BACKGROUNDIt is becoming relatively common for handheld display devices (e.g., personal digital assistants (PDAs)) to store and display navigational maps. A generalized handheld electronic device might include a display (e.g., a liquid crystal display), an externally-mounted user input control (e.g., a group of buttons and/or a cursor device), and a controller having a memory that stores a library or database of maps. During operation of the device, a user may utilize the user input control to select a desired map from the library of maps. An image is then generated on the device's display representative of the selected map. However, due to the size and resolution of the display, it is often the case that the entire map cannot be clearly produced on the device's display at one time. Therefore, the generated image may have a field of view (FOV) that encompasses only a portion of the stored map. The user may then manipulate the FOV of the display utilizing the device's input control to explore the entire map, portion by portion. For example, a user may utilize the user input control to scroll the FOV of the image upward, downward, to the left, and to the right and to adjust the scale of the FOV (i.e., to zoom in and out) as desired.
Handheld display devices that require the manual manipulation of an externally-mounted user input control to adjust the display's FOV may be limited in certain respects.

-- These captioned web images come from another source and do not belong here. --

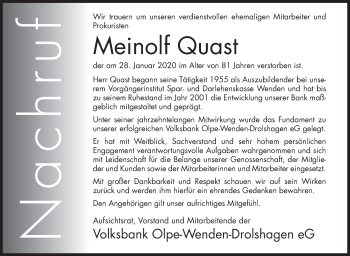 Traueranzeige von Meinolf Quast von Siegener Zeitung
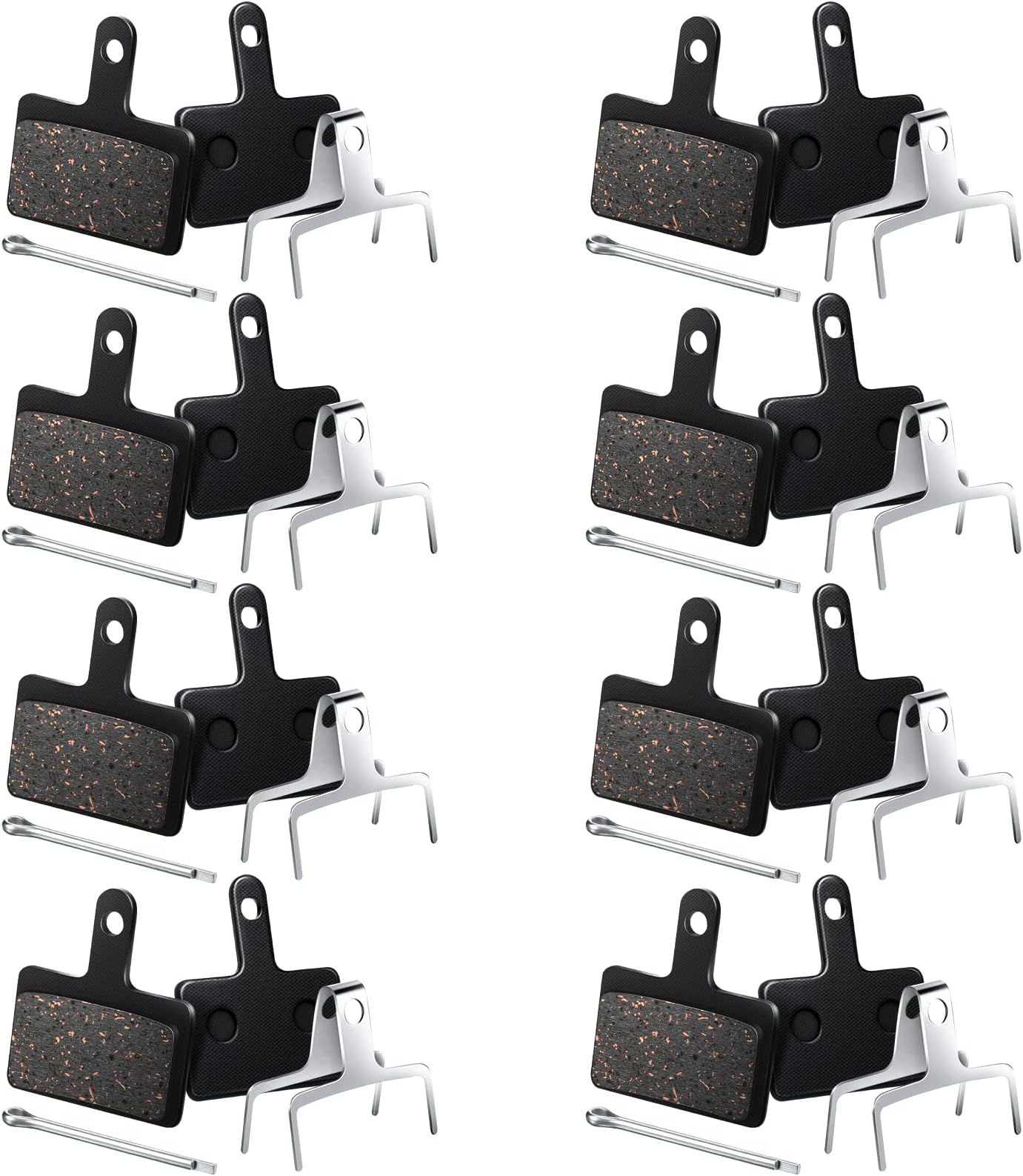 8 Pairs Bike Brake Pads Compatible with Trp Tektro Shimano Deore Brakes Bike Disc Bike Brake Pads(Copper Semi Metallic,Black)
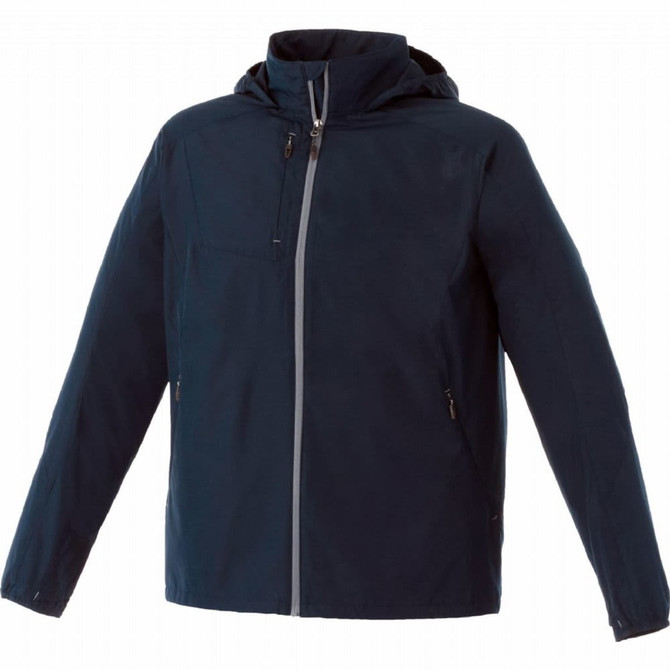 A men's lightweight jacket in navy blue with a hood, featuring a zip closure and one front pocket. It has a logo.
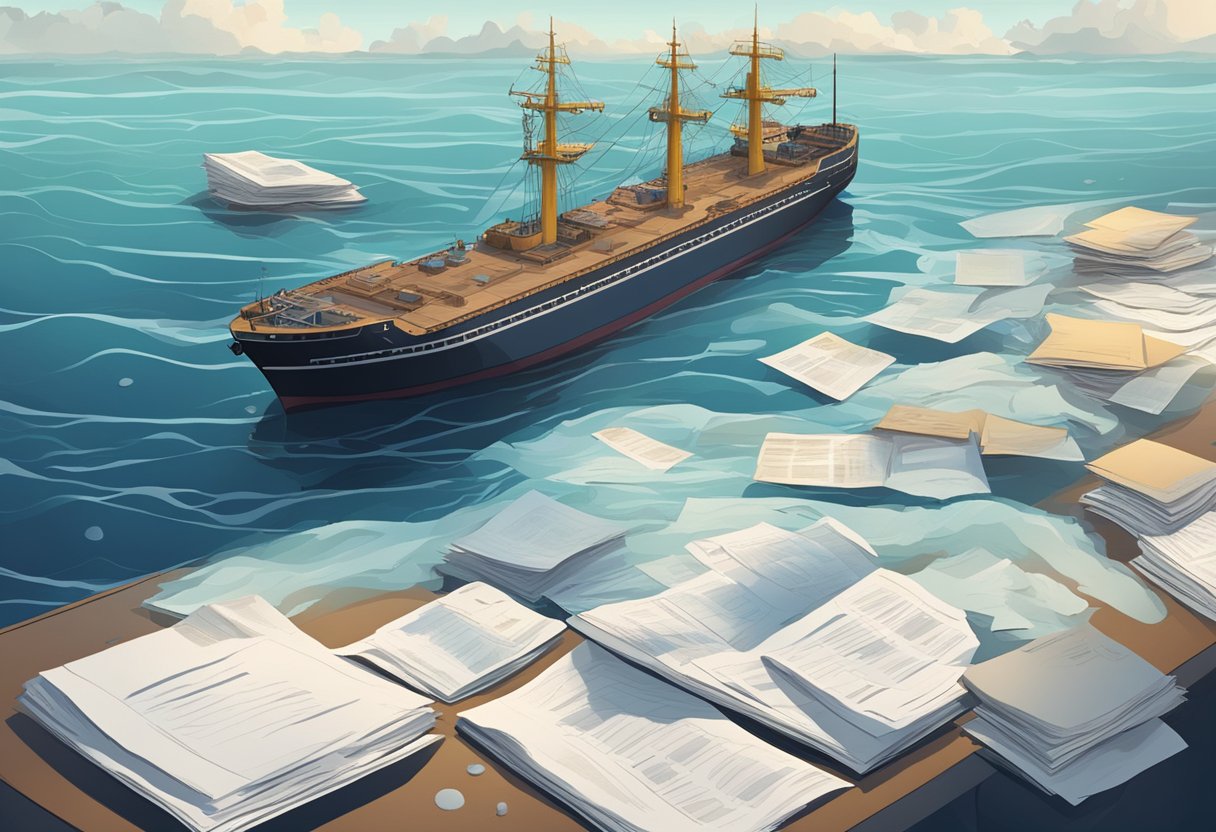 A calm sea with gentle waves, a leaking ship, and scattered FAQ documents floating on the water's surface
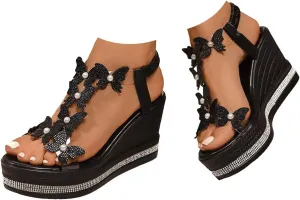 Women's High Heel Wedge Sandals Platform Fashionable Butterfly Decoration Rhinestones Cute Women Slides Sandals Platform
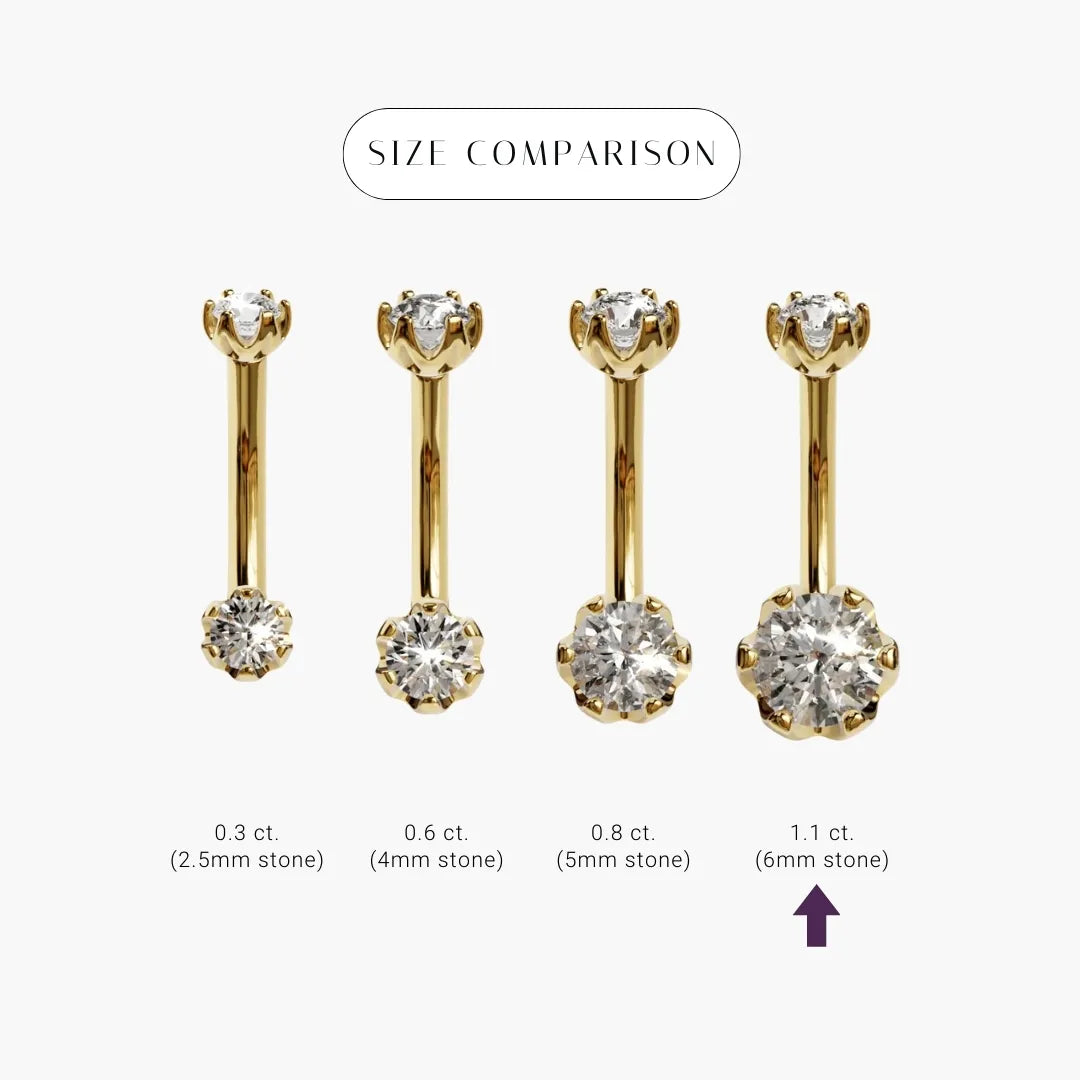 Orchid 1.1 ct Moissanite size comparison in 14k yellow gold: the 6mm stone marked among its sizes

For example, the externally-mounted user input control may occupy a relatively large amount of space on the device's exterior that might otherwise accommodate a larger display screen or additional user inputs. Furthermore, the manner in which such externally-mounted user input controls are utilized to manipulate the display's FOV may not be intuitive to some users.
In view of the above, it is desirable to provide a handheld portable electronic device (e.g., a PDA, a keyfob, etc.) that includes a means for manipulating the FOV of a map image that is intuitive and that overcomes the disadvantages described above. Other desirable features and characteristics of the present invention will become apparent from the subsequent detailed description and the appended claims, taken in conjunction with the accompanying drawings and the foregoing technical field and background.
SUMMARYA handheld electronic device includes a display, a memory configured to store a map, and a motion sensor configured to monitor the movement of the handheld electronic device. A controller is coupled to the display, the memory, and the motion sensor. The controller is configured to generate an image on the display representative of a portion of the map, the image having a field of view (FOV). The controller is also configured to adjust the FOV of the image based upon the movement of the handheld electronic device as detected by the motion sensor.
The present invention will hereinafter be described in conjunction with the following drawing figures, wherein like numerals denote like elements, and:
The following detailed description is merely exemplary in nature and is not intended to limit the invention or the application and uses of the invention. Furthermore, there is no intention to be bound by any expressed or implied theory presented in the preceding technical field, background, brief summary, or the following detailed description.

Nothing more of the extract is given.